**WORK INSTRUCTION:** Beginning at the line that holds "For Samsung Galaxy", repeat every line through the last line of the material, exactly, and drop any pictures.

**SUPPLIED INFORMATION:**
· · ·
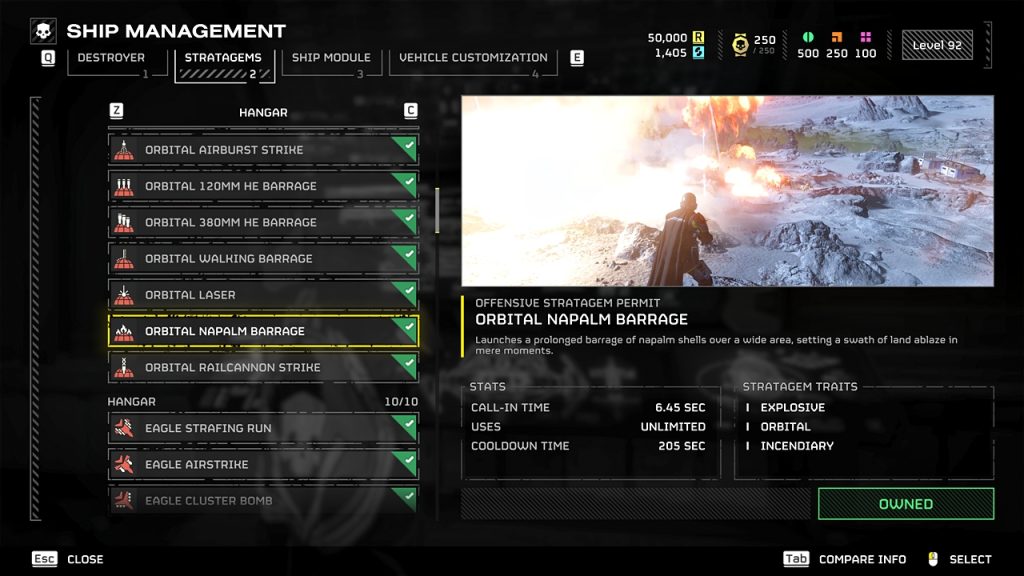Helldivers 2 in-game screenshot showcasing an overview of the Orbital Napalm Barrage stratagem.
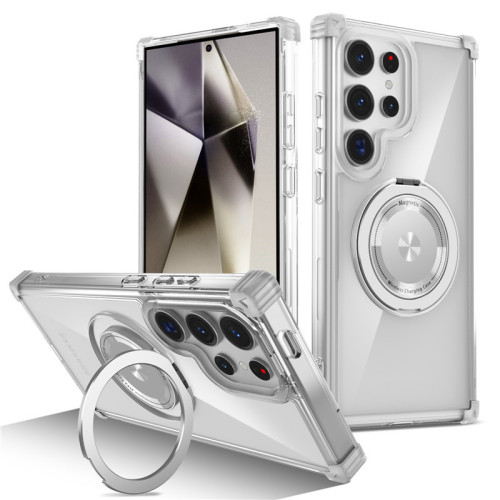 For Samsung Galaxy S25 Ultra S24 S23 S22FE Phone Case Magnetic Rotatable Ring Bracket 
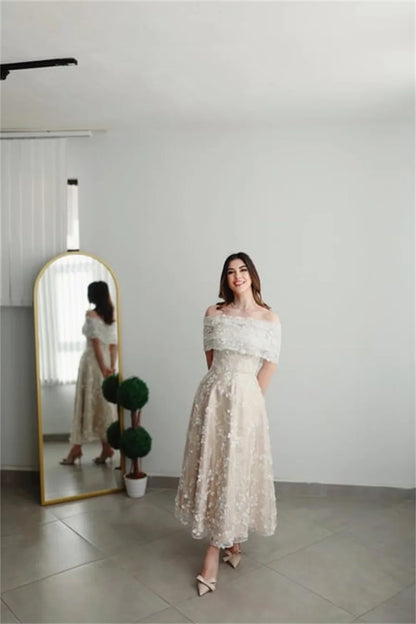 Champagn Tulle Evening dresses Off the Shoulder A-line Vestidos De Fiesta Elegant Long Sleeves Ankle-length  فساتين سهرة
· · ·
**YOUR RESPONSE:**
 For Samsung Galaxy S25 Ultra S24 S23 S22FE Phone Case Magnetic Rotatable Ring Bracket 
 Champagn Tulle Evening dresses Off the Shoulder A-line Vestidos De Fiesta Elegant Long Sleeves Ankle-length  فساتين سهرة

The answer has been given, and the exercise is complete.